Netwrix Auditor for Network Devices provides security intelligence that enables you to quickly detect and investigate threats to your perimeter security, such as unauthorized changes to configurations, suspicious logon attempts and scanning threats. It also provides detailed information about hardware malfunctions and remote access to your network.
- Configuration change auditing
Unlike native network audit tools, automates auditing of configuration changes by providing clear, human-readable audit information on configuration changes with who, what, when and where details, so you can quickly spot and remediate unauthorized changes or change errors.
- Remote access monitoring
Monitors successful and failed VPN logon attempts to network devices, as well as remote access to the corporate network. Enables you to track device logons by network administrators and remote access by users from suspicious IP addresses.
- Logon auditing
Delivers clear information about each attempt to log in directly to a network device. Enables you to pay close attention to failed logons, especially those performed by unauthorized employees, such as database or system administrators.

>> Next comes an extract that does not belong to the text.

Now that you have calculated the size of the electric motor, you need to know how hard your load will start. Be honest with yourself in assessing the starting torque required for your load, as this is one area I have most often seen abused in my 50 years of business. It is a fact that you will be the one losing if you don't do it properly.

- Scanning threat reporting
Enables automated network auditing for scanning threats, which indicate an intruder trying to identify weak spots in your network to breach it. Delivers detailed information about which subnet or host was attacked, and when and from which IP address it happened.

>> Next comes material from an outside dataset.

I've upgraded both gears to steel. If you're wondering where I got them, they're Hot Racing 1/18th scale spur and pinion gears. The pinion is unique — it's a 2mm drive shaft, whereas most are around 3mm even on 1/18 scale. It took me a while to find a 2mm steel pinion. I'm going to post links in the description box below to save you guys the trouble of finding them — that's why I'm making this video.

- Hardware malfunction reporting
Makes continuous hardware audit easy by reporting on hardware issues in network devices in an easy-to-understand format. Provides device data so you can detect technical issues with network devices before they lead to network traffic issues.
- Alerts on critical events
Provides alerting on device configuration changes that could negatively affect your network configuration, abnormal logon events, scanning threats and hardware issues, simplifying the detection of critical events and helping you resolve issues faster.
- Interactive search
Makes it easy to investigate unauthorized configuration changes and suspicious logon events to prevent similar events from happening in the future, and to troubleshoot hardware issues before they lead to network failures.
- Compliance reporting
Helps organizations ensure that they have compliant networks and provide definitive proof of their compliance during audits by providing predefined reports for PCI DSS, HIPAA, SOX, GLBA, FISMA/NIST, CJIS, GDPR and other regulations.
- Unified platform
Delivers visibility into Active Directory, Oracle Database, Windows Server, Office 365 and other on-premises and cloud-based systems. Brings more context to your SIEM data and enables centralized monitoring of any other application with a RESTful API.